- Born: March 22, 1954 Binningen, Switzerland
- Died: May 27, 2016 (aged 62) Klosters, Switzerland
- Occupation: Insurance executive
- Known for: Was the CEO of the Zurich Insurance Group
- Spouse: Guen Soo-Senn
- Children: 2

= Martin Senn =

Swiss insurance manager

Martin Senn (born 22 March 1954, Binningen, Switzerland; † 27 May 2016, Klosters, Switzerland) was a Swiss insurance manager. He was the CEO of the Zurich Insurance Group from 2010 until December 2015.
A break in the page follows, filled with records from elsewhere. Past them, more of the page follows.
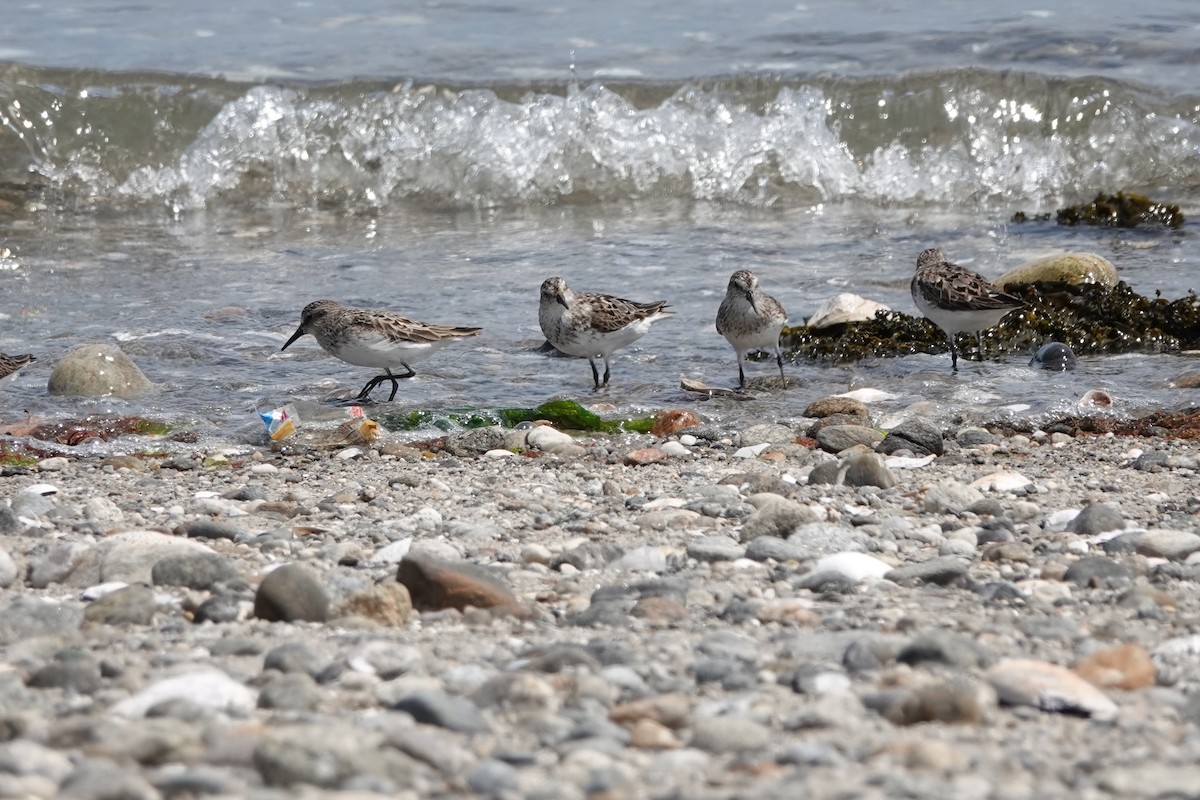 Semipalmated Sandpiper - ML622158598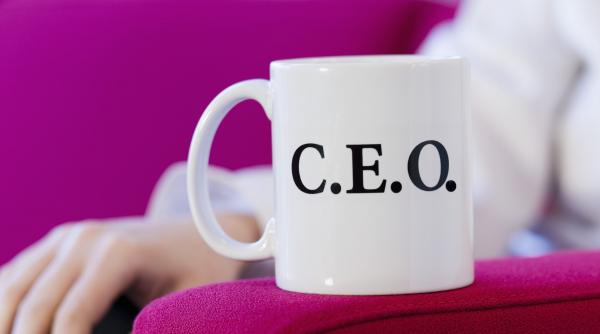 ceo privat la stat un rateu foarte scump platit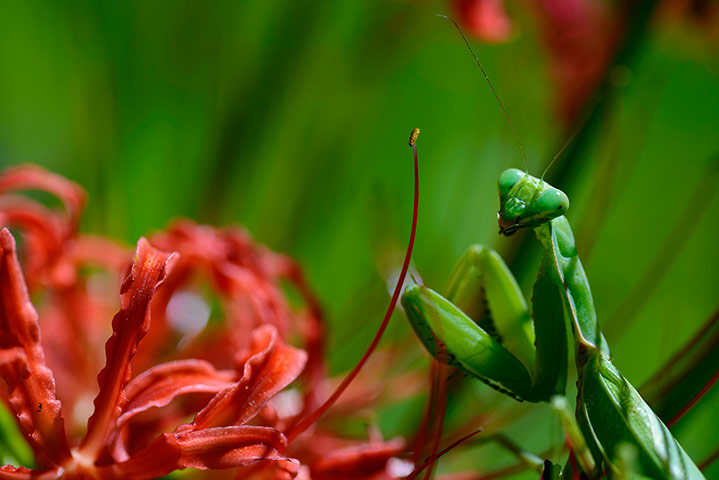 Week in Wildlife: A European Mantis (Mantis religiosa)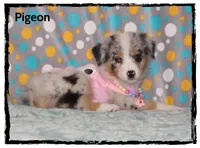 Pigeon, a female Australian Shepherd for sale in Clarksville, OH – 1 of 7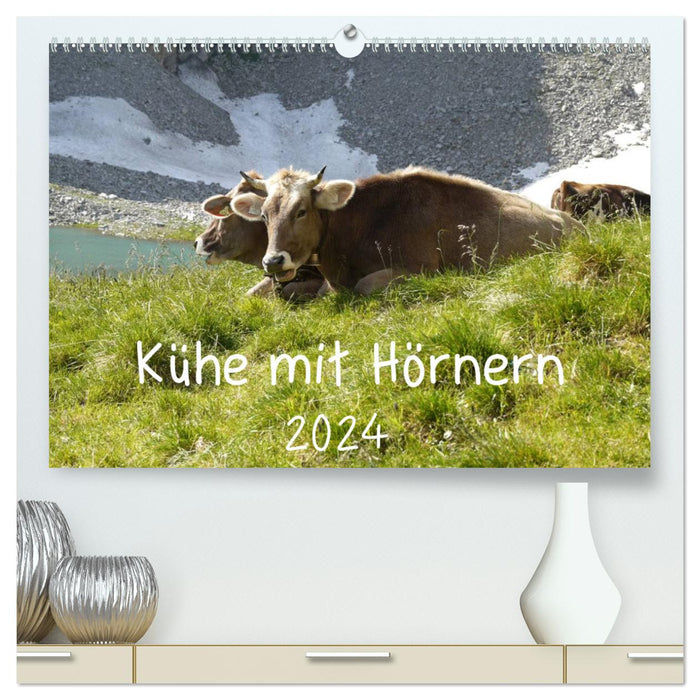 Cows with horns (CALVENDO Premium Wall Calendar 2024) 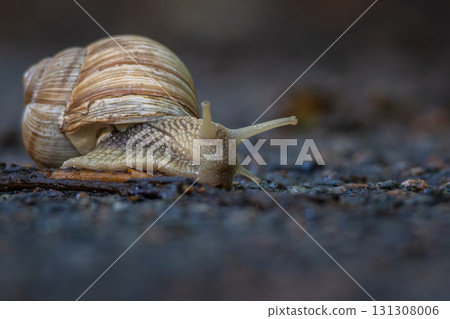 Helix pomatia also Roman snail, Burgundy snail 131308006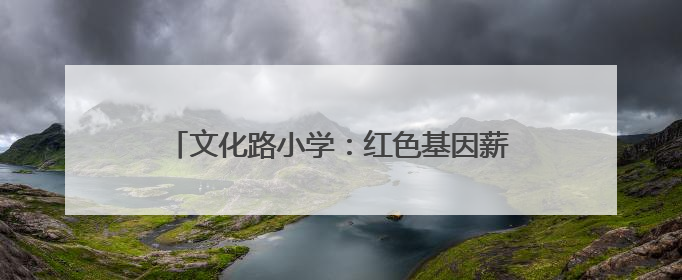 文化路小学：红色基因薪火传，榜样力量润童心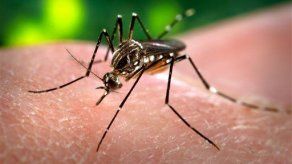 Estudio detecta presencia de mosquitos tropicales en Polonia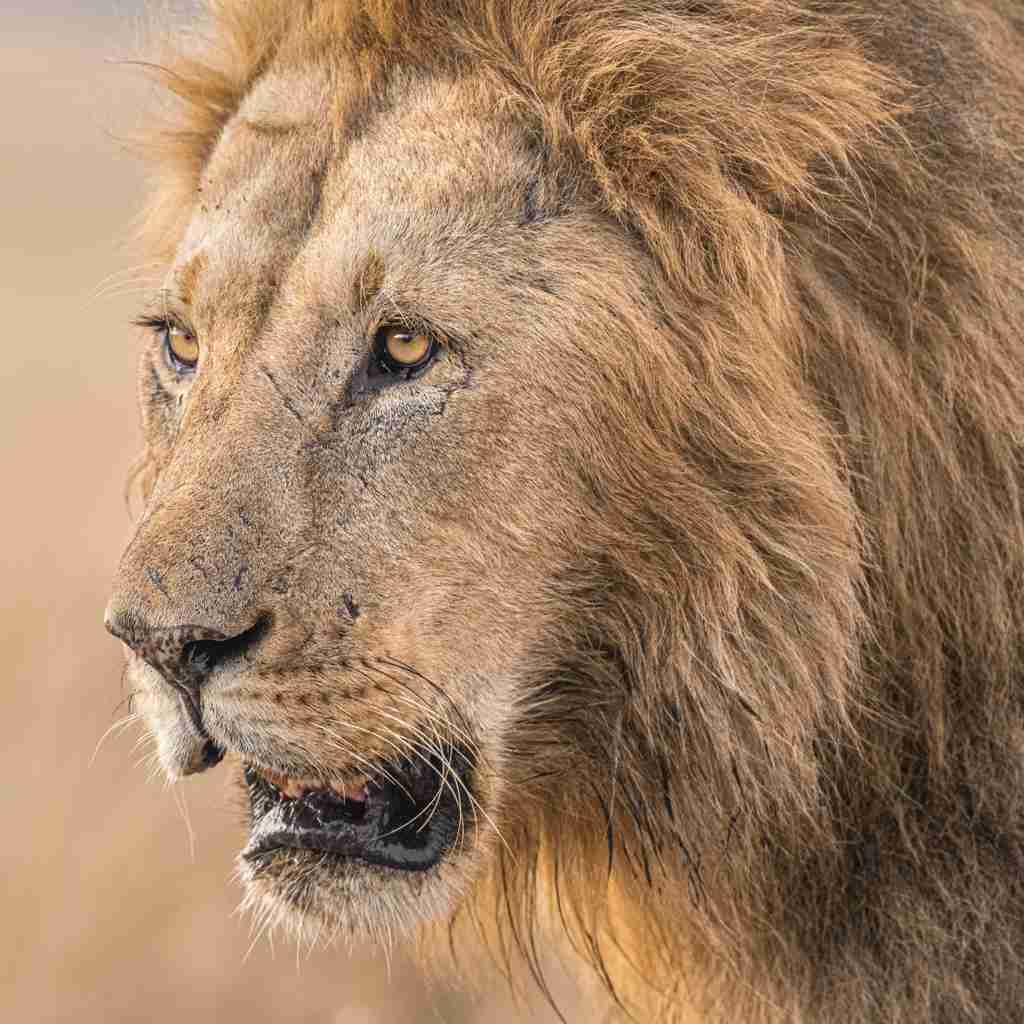 Lion, Governors Camp, Maasai Mara, Kenya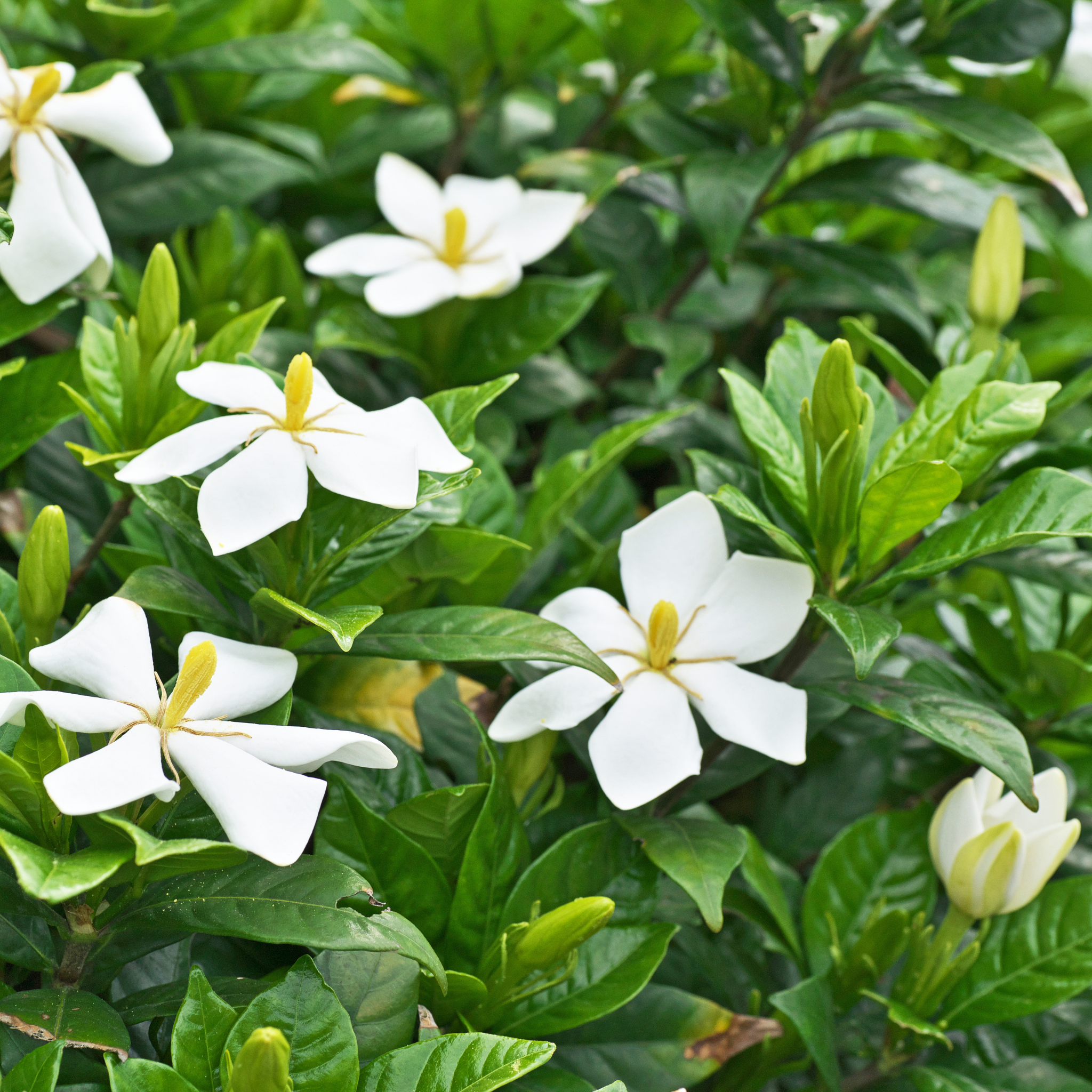 Gardenia augusta Grandiflora Star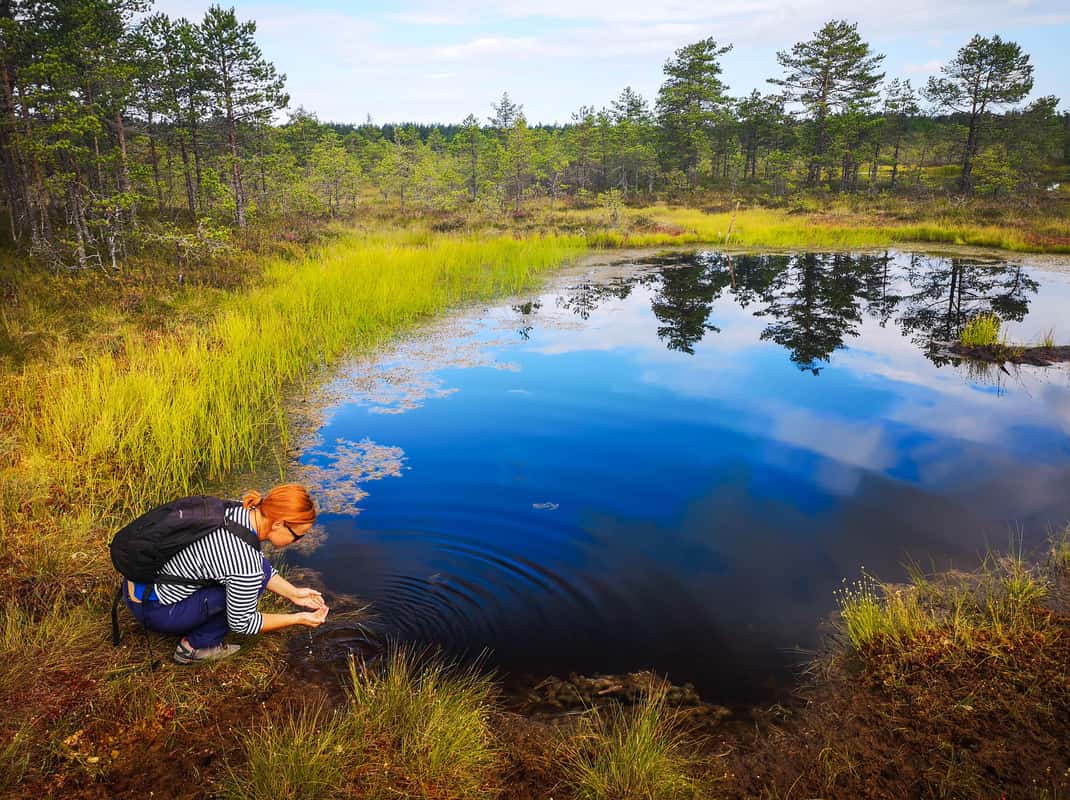 Lahemaa Nationaal Park Estland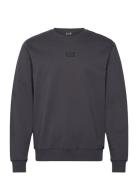 EA7 Sweatshirt Svart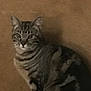 animal, brown_background, calm, cat, companion, cute, domestic, ears, eyes, feline, fur, indoor, looking, mammal, pet, quiet, sitting, striped, tabby, whiskers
== Early life and education ==
He was born and raised in Binningen, in the canton of Basel-Landschaft. He completed a business apprenticeship with the Swiss Bank Corporation in Basel. During his time in the Swiss armed forces, which he left as Oberleutnant, he dreamed of becoming an Aircraft pilot.

== Career ==
His subsequent career led the assets specialist via the Swiss Bank Corporation to Credit Suisse. He was only 26 years old when he took over the Hong Kong branch store of the Swiss Bank Corporation in 1983. When he joined Credit Suisse in 1994 he served as treasurer for Europe and chairman in Japan. In 2001 he joined the Credit Suisse board of directors and was appointed manager of the Trading- and Investment Services.

After his transition into the insurance industry he worked for the companies Swiss Life and Zurich Insurance Group. At Swiss Life Senn was appointed chief investment officer (CIO) in 2003 and joined the board of directors. In April 2006 after his transition to Zurich he headed up the investments unit as Chief Investment Officer (CIO) and in 2009 he replaced James J. Schiro as CEO of the Zurich Insurance Group. In December 2015 after a year of great financial loss for Zurich Senn resigned.

== Death ==
On 27 May 2016, Senn died by suicide. He was married to the Korean violinist Guen Soo-Senn and had a daughter and a son.